Community-based HCV screening: knowledge and attitudes in a high risk urban population.

BMC Infect Dis 2014 Feb 10;14:74. Epub 2014 Feb 10.

Division of Infectious Diseases and International Health, Duke University Medical Center, Box 102358, Durham, NC 27710, USA.

Background: In an attempt to curtail the rising morbidity and mortality from undiagnosed HCV (hepatitis C virus) in the United States, screening guidelines have been expanded to high-risk individuals and persons born 1945-1965. Community-based screening may be one strategy in which to reach such persons; however, the acceptance of HCV testing, when many high-risk individuals may not have access to HCV specific medications, remains unknown.

Methods: We set out to assess attitudes about HCV screening and knowledge about HCV disease at several community-based testing sites that serve high-risk populations.

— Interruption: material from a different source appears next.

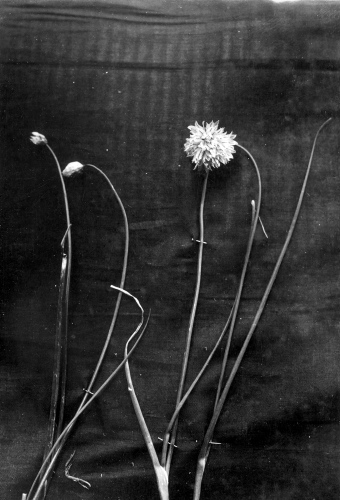 Collection Jacques Rousseau photo - c-517-a-I-1264 -Anticosti: Vauréal. à droite, Allium schoenoprasum var. laurentianum. à gauche, sa forme albino (specimen 52116).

This assessment was paired with a brief HCV educational intervention, followed by post-education evaluation.

Results: Participants (n = 140) were surveyed at five sites; two homeless shelters, two drug rehabilitation centers, and a women's "drop-in" center. Personal acceptance of HCV testing was almost unanimous, and 90% of participants reported that they would still want to be tested even if they were unable to receive HCV treatment. Baseline hepatitis C knowledge was poor; however, the brief educational intervention significantly improved knowledge and increased acceptability of testing when medical access issues were explicitly stated.

Conclusions: Despite inconsistencies in access to care and treatment, high-risk communities want to know their HCV status. Though baseline HCV knowledge was poor in this population, a brief on-site educational intervention improved both knowledge and acceptability of HCV testing and care. These data support the establishment of programs that utilize community-based screening, and also provide initial evidence for acceptance of the implementation of the recently expanded screening guidelines among marginalized communities.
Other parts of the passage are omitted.